Получив писательский билет, Кокотов тут же встал в очередь на улучшение жилищных условий. Собственно, для того многие и рвались в Союз писателей. Новую площадь ему обещали, но не скоро. Однако через год случилось чудо: один поэт-полуклассик (точнее сказать, классик-полупоэт), оказавшийся после четвертого развода без крова, осмотрел и гневно отверг двухкомнатную квартирешку в панельном доме да еще рядом с гремучим Ярославским шоссе.
— Вы понимаете, с кем говорите?! — кипел он. — Мою песню «В страну ворвался ветер перемен!» поет вся страна и даже генсек Горбачев!

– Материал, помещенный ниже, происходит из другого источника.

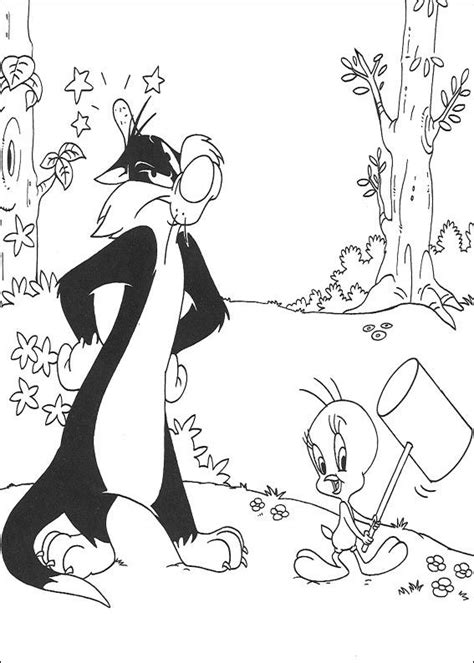 Sylvester och Pip Målarbilder 40 Cartoon coloring pages Coloring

Предыдущую квартиру он получил на проспекте Мира, убедив жилищную комиссию в том, что его песню «Кружатся чайки над Малой землей…» любит петь в застолье сам генсек Брежнев, хотя к тому времени Сам не то что петь, а и говорить-то уже не мог, напоминая человека, который из угрюмого озорства решил умереть не в больнице или дома, а на трибуне. В общем, полуклассику-полупоэту срочно подыскали что-то соответствовавшее его статусу, а ордер на «двушку», видимо, учитывая душевное расположение литературного начальства, предложили Кокотову. Посоветовавшись с мамой, он радостно согласился, хотя мог, между прочим, в случае срочной женитьбы, даже фиктивной, рассчитывать и на трехкомнатную квартиру. Но, как говорится, лучше ордер в руках, чем слава в веках.
Они въехали в новую квартиру — и у каждого появилась теперь отдельная комната, однако Андрей Львович, повинуясь многолетнему рефлексу, выработавшемуся в начальный период творчества, продолжал сочинять исключительно на кухне, среди кастрюль. И это еще ничего: один песенный лирик, пострадавший от тоталитаризма и ставший поэтом в ГУЛАГе, куда попал как оголтелый троцкист за групповое изнасилование комсомолки, поддерживавшей сталинскую платформу, выйдя на свободу, построил в своем рабочем кабинете настоящие нары и установил действующую «парашу». Только так он мог возбудить в себе трепет стихоносного вдохновения. Его, кстати, часто теперь показывают по телевизору: во-первых, как феномен психологии творчества, а во-вторых, как напоминание нашей беззаботной капиталистической молодежи о мрачных временах страшной Совдепии.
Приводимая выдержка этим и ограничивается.